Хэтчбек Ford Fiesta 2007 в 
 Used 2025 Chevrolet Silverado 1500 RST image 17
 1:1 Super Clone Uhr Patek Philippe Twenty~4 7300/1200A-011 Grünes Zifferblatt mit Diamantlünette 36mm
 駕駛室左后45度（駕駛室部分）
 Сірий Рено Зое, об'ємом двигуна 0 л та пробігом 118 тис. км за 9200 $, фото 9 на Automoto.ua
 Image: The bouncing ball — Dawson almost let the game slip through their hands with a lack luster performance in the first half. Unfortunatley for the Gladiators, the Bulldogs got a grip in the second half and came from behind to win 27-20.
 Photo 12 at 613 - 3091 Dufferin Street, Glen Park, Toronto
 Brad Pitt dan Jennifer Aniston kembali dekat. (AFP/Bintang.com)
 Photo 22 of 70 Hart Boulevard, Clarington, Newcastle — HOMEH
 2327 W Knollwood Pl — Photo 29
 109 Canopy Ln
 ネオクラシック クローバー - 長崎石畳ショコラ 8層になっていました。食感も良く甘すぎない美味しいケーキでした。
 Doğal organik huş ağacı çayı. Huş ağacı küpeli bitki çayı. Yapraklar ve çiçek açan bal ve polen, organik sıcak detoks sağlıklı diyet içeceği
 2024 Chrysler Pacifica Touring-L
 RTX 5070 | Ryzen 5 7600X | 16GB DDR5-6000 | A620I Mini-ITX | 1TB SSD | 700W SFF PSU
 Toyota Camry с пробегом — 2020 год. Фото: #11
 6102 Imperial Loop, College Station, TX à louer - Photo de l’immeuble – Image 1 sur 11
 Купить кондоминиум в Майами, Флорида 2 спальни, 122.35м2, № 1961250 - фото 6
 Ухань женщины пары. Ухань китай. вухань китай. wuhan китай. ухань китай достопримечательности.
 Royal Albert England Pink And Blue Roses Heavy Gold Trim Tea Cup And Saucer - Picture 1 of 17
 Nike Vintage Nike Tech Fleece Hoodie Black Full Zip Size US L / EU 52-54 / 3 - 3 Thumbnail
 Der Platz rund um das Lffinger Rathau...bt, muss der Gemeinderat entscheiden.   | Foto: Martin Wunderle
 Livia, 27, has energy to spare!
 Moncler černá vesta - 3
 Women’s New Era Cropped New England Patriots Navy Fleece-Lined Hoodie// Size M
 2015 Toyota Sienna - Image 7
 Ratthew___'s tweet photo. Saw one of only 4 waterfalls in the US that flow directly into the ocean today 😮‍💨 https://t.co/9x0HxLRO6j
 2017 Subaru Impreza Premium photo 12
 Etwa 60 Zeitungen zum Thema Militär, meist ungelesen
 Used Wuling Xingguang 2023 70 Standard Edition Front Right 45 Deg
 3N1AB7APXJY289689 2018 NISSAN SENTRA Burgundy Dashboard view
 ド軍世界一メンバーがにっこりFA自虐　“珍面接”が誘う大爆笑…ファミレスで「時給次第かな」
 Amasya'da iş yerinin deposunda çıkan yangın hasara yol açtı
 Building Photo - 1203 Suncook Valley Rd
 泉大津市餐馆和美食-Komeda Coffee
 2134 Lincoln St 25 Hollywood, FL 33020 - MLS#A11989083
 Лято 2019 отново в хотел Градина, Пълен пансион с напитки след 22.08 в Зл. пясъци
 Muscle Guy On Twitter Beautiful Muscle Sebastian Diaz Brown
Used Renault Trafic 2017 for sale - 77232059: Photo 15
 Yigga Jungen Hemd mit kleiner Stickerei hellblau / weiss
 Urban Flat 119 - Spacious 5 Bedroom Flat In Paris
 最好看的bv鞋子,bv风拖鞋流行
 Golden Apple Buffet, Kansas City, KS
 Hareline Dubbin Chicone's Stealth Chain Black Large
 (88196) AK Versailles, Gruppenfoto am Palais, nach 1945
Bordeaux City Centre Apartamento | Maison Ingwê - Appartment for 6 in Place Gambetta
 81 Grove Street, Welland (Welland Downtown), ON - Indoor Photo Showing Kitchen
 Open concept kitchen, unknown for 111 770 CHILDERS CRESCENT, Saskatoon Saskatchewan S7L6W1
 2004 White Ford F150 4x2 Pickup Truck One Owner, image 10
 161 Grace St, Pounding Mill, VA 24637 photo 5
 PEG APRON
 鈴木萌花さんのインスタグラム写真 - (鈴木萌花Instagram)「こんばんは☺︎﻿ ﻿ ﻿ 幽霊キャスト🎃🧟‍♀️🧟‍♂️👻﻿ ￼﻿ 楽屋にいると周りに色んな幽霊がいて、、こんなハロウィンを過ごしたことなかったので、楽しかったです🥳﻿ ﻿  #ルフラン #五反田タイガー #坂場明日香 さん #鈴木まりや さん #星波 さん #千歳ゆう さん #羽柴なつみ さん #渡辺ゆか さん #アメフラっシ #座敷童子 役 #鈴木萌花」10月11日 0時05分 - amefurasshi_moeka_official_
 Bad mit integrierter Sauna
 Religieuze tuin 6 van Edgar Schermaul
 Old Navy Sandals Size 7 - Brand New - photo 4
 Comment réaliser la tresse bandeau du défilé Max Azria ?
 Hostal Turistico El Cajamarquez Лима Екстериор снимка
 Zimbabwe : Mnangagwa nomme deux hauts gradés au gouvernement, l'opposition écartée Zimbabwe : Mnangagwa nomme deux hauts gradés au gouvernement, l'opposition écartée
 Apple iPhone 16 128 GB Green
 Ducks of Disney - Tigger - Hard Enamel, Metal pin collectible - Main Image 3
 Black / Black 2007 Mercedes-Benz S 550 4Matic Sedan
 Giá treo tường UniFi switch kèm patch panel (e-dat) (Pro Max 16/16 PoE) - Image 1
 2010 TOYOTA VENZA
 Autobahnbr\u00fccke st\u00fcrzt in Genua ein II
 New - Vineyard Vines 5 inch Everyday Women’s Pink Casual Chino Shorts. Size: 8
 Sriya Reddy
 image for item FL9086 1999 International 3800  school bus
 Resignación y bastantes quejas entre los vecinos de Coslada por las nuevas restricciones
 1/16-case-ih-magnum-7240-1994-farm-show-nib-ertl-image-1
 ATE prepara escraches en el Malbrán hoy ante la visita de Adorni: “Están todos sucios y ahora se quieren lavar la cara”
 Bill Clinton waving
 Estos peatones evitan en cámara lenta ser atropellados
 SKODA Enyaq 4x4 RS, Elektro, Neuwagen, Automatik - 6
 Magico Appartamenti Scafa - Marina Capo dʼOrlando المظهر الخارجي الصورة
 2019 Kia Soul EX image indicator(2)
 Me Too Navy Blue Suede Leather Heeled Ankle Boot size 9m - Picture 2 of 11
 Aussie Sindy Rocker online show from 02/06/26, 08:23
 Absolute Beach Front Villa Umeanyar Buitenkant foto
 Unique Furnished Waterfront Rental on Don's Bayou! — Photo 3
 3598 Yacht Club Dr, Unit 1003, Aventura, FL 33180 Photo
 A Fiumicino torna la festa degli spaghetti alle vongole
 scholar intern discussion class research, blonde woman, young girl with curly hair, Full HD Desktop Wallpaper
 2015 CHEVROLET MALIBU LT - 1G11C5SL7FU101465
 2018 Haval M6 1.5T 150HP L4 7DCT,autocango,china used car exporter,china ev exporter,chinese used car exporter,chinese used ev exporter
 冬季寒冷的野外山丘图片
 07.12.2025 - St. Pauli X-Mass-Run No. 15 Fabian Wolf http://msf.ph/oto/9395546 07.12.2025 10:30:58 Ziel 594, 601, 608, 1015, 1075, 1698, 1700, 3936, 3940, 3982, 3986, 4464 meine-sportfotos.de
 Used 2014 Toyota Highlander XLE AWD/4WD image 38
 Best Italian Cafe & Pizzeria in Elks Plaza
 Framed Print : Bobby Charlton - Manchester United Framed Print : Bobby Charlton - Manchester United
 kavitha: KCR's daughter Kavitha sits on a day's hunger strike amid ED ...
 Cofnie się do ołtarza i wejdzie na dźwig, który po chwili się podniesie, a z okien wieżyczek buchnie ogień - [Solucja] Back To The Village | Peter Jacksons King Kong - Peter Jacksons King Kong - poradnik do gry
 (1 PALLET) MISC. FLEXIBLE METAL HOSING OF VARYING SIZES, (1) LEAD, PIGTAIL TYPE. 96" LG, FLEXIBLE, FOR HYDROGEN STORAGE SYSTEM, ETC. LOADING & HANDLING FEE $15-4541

- _Task item_: Wherever the string "Picture" occurs in the records above, copy that line.

- _Response box_:
 Royal Albert England Pink And Blue Roses Heavy Gold Trim Tea Cup And Saucer - Picture 1 of 17
 Me Too Navy Blue Suede Leather Heeled Ankle Boot size 9m - Picture 2 of 11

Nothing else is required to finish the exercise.